RECORDS FOR THE EXERCISE:
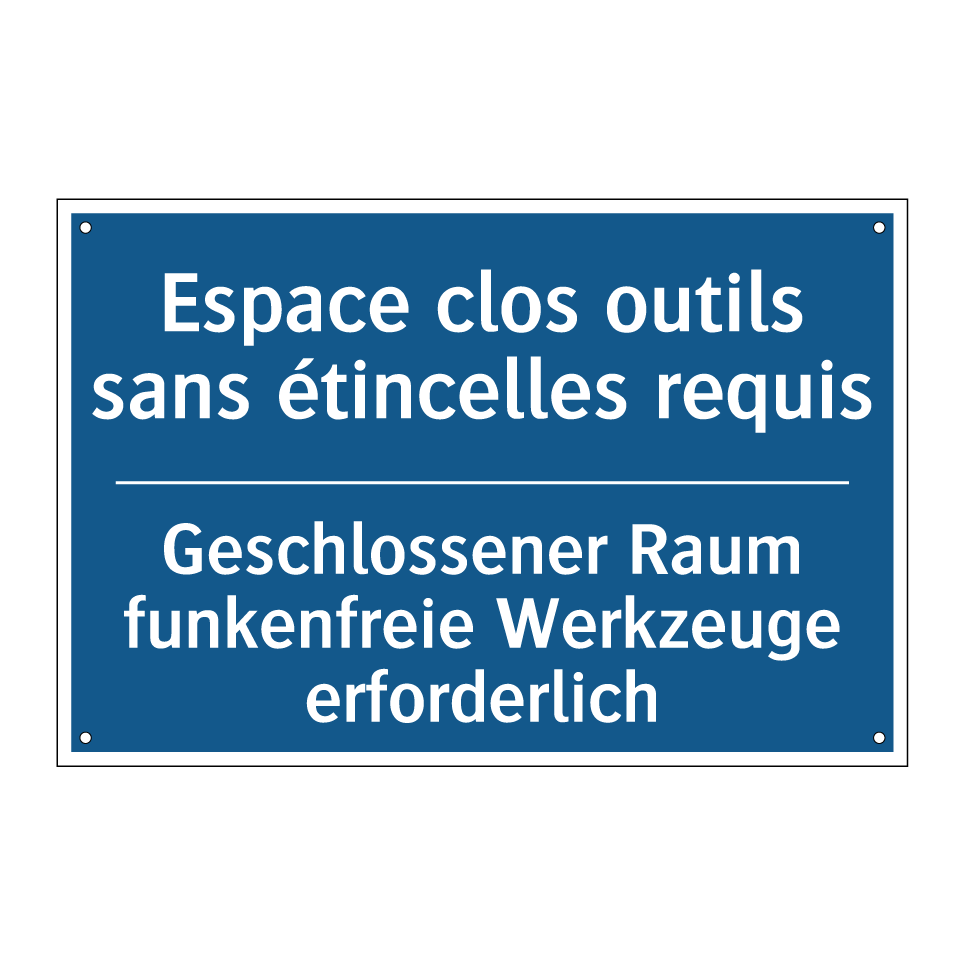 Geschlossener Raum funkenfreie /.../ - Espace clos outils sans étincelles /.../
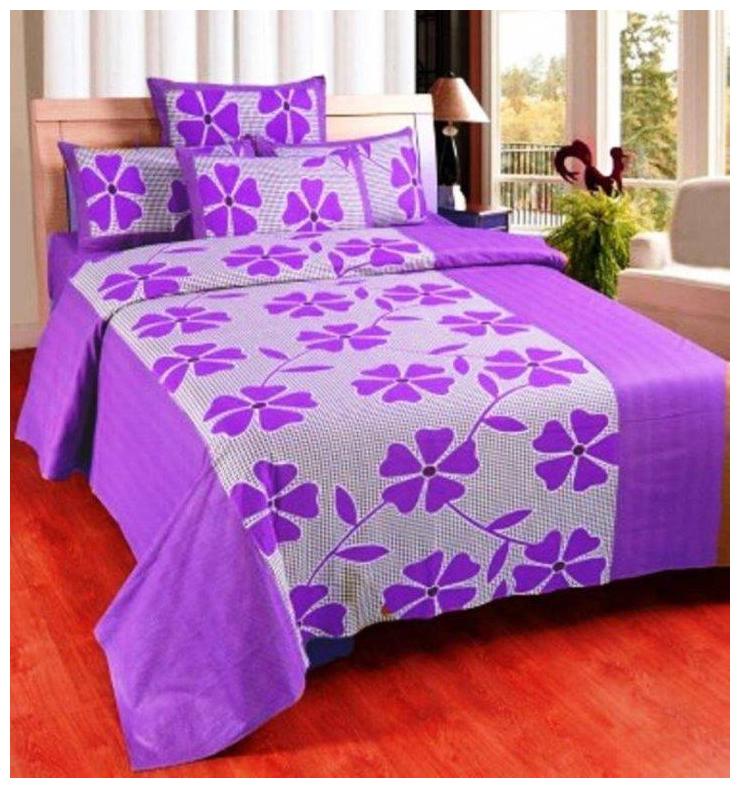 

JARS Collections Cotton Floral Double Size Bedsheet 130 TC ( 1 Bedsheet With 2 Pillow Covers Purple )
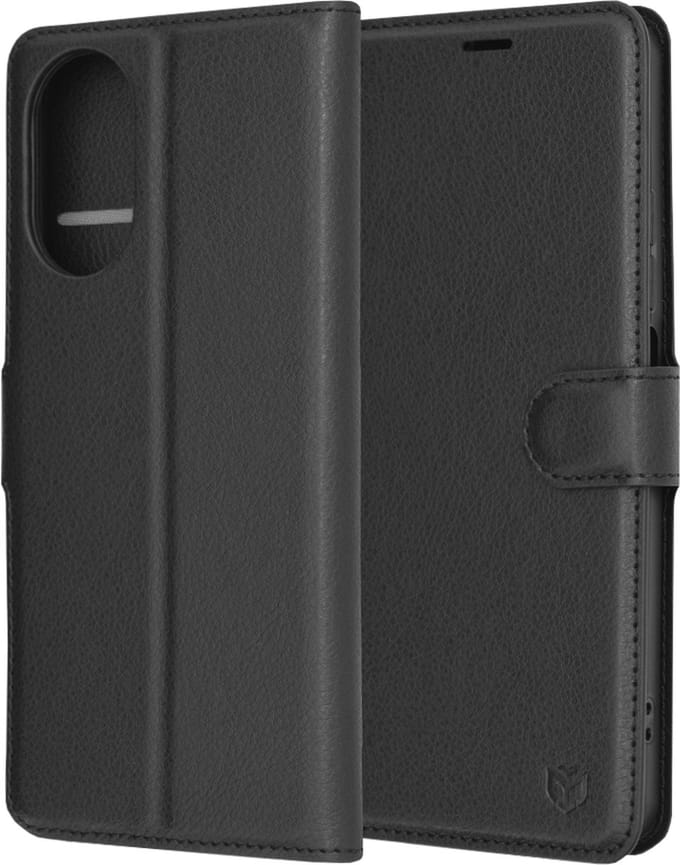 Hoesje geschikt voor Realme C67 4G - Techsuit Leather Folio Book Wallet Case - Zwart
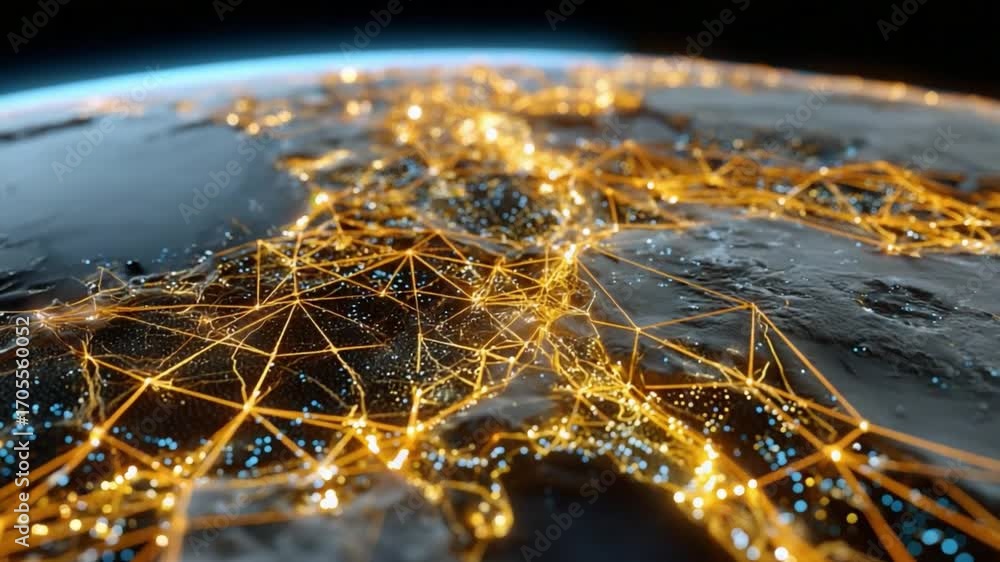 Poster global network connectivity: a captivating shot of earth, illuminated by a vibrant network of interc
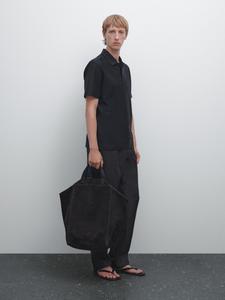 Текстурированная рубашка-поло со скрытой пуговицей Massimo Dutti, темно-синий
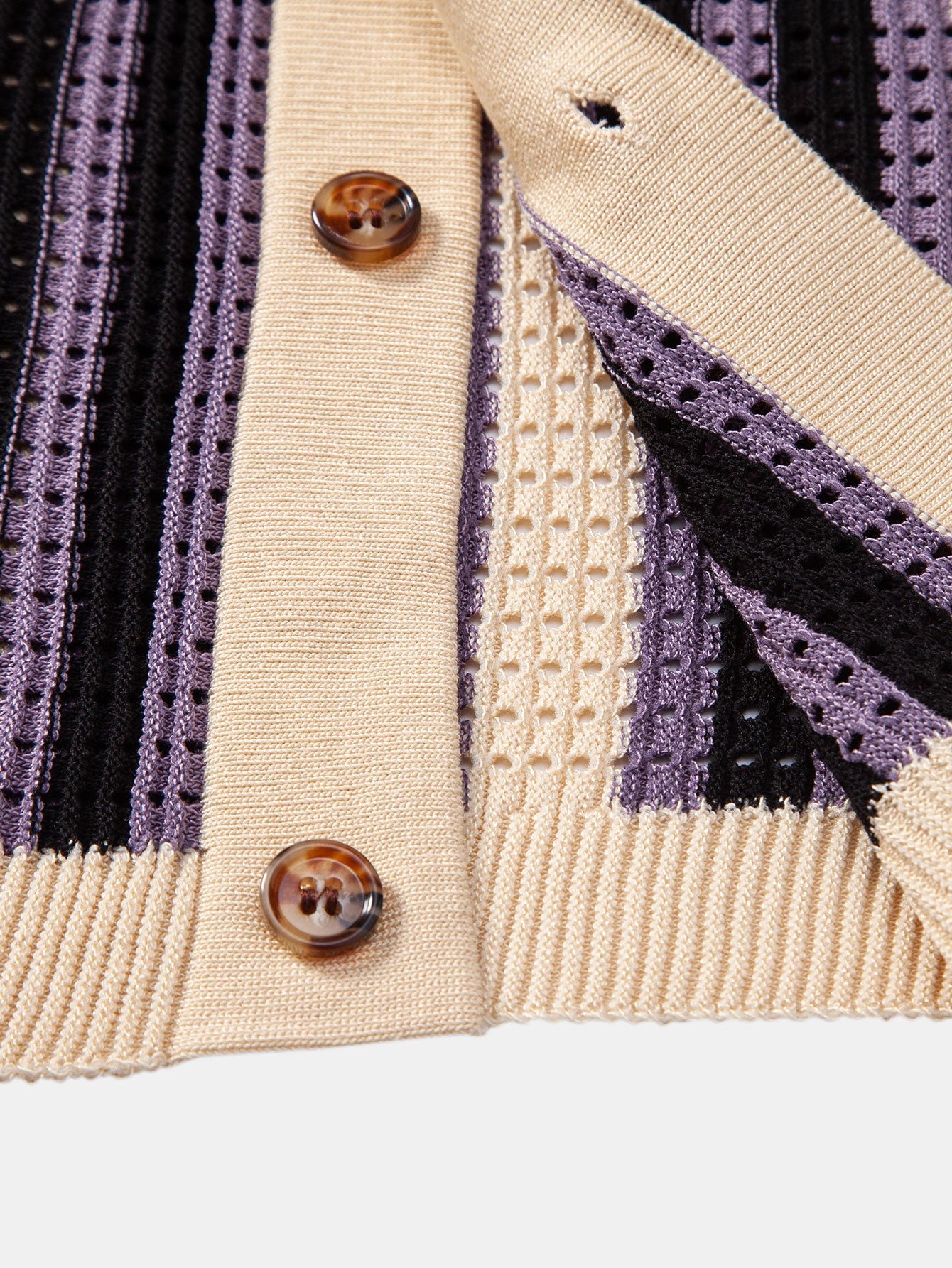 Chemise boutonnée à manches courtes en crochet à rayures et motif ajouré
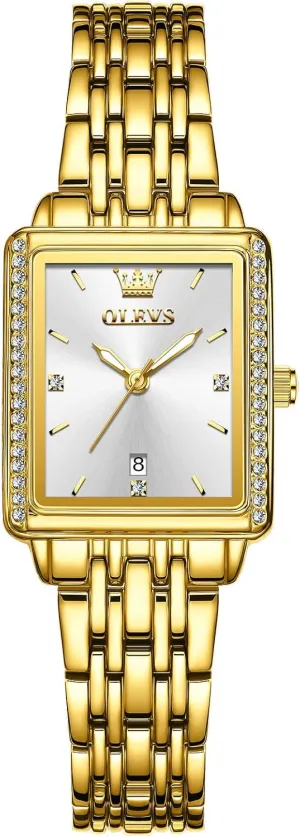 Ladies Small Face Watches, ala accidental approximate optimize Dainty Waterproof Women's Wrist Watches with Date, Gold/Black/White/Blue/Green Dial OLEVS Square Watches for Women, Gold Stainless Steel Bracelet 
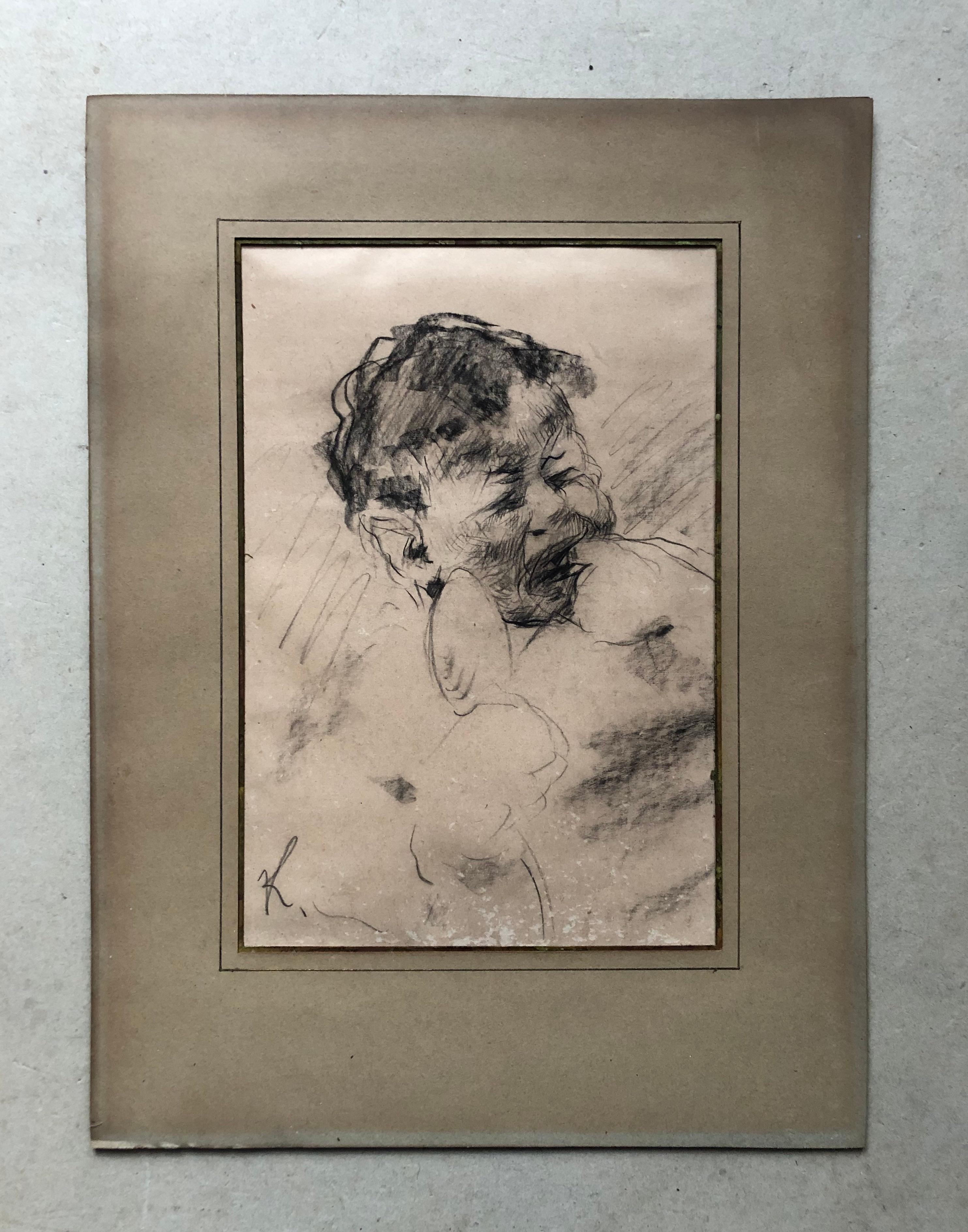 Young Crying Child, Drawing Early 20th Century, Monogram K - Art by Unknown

YOUR OBJECTIVE:
Write the records out exactly once more, leaving off the pictures.

RESPONSE BELOW:
 Geschlossener Raum funkenfreie /.../ - Espace clos outils sans étincelles /.../

JARS Collections Cotton Floral Double Size Bedsheet 130 TC ( 1 Bedsheet With 2 Pillow Covers Purple )
 Hoesje geschikt voor Realme C67 4G - Techsuit Leather Folio Book Wallet Case - Zwart
 Poster global network connectivity: a captivating shot of earth, illuminated by a vibrant network of interc
 Текстурированная рубашка-поло со скрытой пуговицей Massimo Dutti, темно-синий
 Chemise boutonnée à manches courtes en crochet à rayures et motif ajouré
 Ladies Small Face Watches, ala accidental approximate optimize Dainty Waterproof Women's Wrist Watches with Date, Gold/Black/White/Blue/Green Dial OLEVS Square Watches for Women, Gold Stainless Steel Bracelet 
 Young Crying Child, Drawing Early 20th Century, Monogram K - Art by Unknown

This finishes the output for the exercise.